Select from the data all lines with the word "Fashion".
---------------
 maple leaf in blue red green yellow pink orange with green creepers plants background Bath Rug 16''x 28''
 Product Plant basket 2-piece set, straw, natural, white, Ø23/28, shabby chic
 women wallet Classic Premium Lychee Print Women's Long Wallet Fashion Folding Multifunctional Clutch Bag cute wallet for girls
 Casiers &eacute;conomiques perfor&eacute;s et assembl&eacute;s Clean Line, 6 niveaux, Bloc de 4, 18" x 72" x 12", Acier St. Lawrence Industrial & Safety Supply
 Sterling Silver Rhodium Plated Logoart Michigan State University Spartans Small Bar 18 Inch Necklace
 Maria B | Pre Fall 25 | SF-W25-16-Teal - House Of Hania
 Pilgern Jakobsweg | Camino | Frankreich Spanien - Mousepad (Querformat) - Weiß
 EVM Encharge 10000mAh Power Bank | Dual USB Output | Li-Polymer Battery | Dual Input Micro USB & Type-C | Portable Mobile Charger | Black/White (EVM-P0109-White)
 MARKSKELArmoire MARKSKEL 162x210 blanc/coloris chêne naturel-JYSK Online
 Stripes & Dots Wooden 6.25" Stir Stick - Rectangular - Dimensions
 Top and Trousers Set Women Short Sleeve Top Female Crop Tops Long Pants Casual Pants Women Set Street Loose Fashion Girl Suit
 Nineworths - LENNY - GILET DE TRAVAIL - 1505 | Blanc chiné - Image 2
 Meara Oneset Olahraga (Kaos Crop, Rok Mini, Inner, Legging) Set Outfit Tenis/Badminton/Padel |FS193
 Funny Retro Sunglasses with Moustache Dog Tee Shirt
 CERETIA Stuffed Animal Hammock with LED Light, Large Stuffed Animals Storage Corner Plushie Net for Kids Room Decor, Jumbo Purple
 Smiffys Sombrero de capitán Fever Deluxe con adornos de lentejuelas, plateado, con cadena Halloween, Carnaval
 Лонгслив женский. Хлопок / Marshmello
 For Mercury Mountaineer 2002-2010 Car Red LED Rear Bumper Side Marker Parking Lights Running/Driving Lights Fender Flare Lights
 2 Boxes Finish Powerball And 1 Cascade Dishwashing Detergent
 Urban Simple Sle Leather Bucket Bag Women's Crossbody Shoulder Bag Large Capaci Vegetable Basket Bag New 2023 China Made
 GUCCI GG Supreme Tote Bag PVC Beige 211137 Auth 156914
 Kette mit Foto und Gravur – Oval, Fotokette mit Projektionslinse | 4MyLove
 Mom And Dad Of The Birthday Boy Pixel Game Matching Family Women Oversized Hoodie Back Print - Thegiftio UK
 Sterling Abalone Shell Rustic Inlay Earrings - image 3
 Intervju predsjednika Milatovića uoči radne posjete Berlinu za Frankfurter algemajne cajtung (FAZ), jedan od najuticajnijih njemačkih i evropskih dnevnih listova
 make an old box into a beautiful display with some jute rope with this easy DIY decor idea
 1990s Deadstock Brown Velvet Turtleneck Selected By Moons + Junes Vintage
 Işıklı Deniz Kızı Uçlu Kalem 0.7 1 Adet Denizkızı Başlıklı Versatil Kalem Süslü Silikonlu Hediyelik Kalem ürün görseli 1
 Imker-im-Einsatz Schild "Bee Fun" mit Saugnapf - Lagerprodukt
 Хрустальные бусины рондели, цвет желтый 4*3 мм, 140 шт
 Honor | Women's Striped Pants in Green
---------------
- _Result for this exercise_:
 women wallet Classic Premium Lychee Print Women's Long Wallet Fashion Folding Multifunctional Clutch Bag cute wallet for girls
 Top and Trousers Set Women Short Sleeve Top Female Crop Tops Long Pants Casual Pants Women Set Street Loose Fashion Girl Suit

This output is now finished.